We expected that body weight would influence total consumption because of the dependence of metabolic rate on body mass (Brown et al. 2004). The regression analyses revealed the influence of body weight of the tested species on aphid consumption in 16 out of 18 tested relationships, and thus confirmed our expectation (Figs. 3, 4). To exclude the influence of body weight on consumption, we divided consumption by body weight. This led to lower SD and better separation between the data of temperatures T1–T3, which was demonstrated by clear significant differences between the temperatures for all six cases studied (Figs. 5, 6).

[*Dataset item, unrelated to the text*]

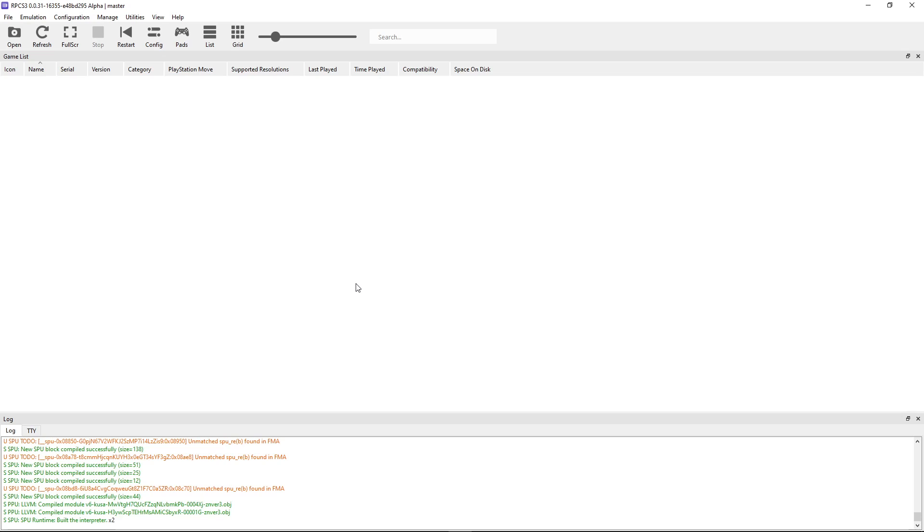As for getting the game, I can't show you here on the video where to go to get it. You're going to have to either dump your copy of the game into your PC or find it online, but this is something that I can't do because it's against YouTube's policy.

Higher temperature may not only lead to higher consumption by predators but can also affect development of prey. The aphid A. pisum has been observed to develop faster with rising temperature, i.e. its development increased from 10 to 26 °C (Bieri et al. 1983; Morgan et al. 2001). Moreover, Morgan et al. (2001) found that even the population growth of A. pisum increased with rising temperature between 12 and 23 °C. Thus, within a similar temperature range, both aphid development and lady beetle feeding on aphids are increased. What the results of our laboratory experiment mean for field population development of A. pisum is not yet clear. This was also indicated for the aphid Sitobion avenae Fabricius (Hemiptera: Aphididae) by Skirvin et al. (1997), who modelled declining numbers of S. avenae at higher temperature regardless of whether the aphid predator C. septempunctata was present or not. Yet our lab results indicate a clear potential for increased feeding on aphids by lady beetles at rising temperature. The available literature on laboratory studies observing that lady beetles consume more at rising temperature addresses temperature ranges spanning about 10 °C or more (Sengonca et al. 2005; Manrique et al. 2012; Yu et al. 2013). In contrast, our study was performed over a range of only 3 °C and 5 °C. This span, which was created under laboratory conditions and included day-night oscillations, represents a forecasted global climate warming scenario.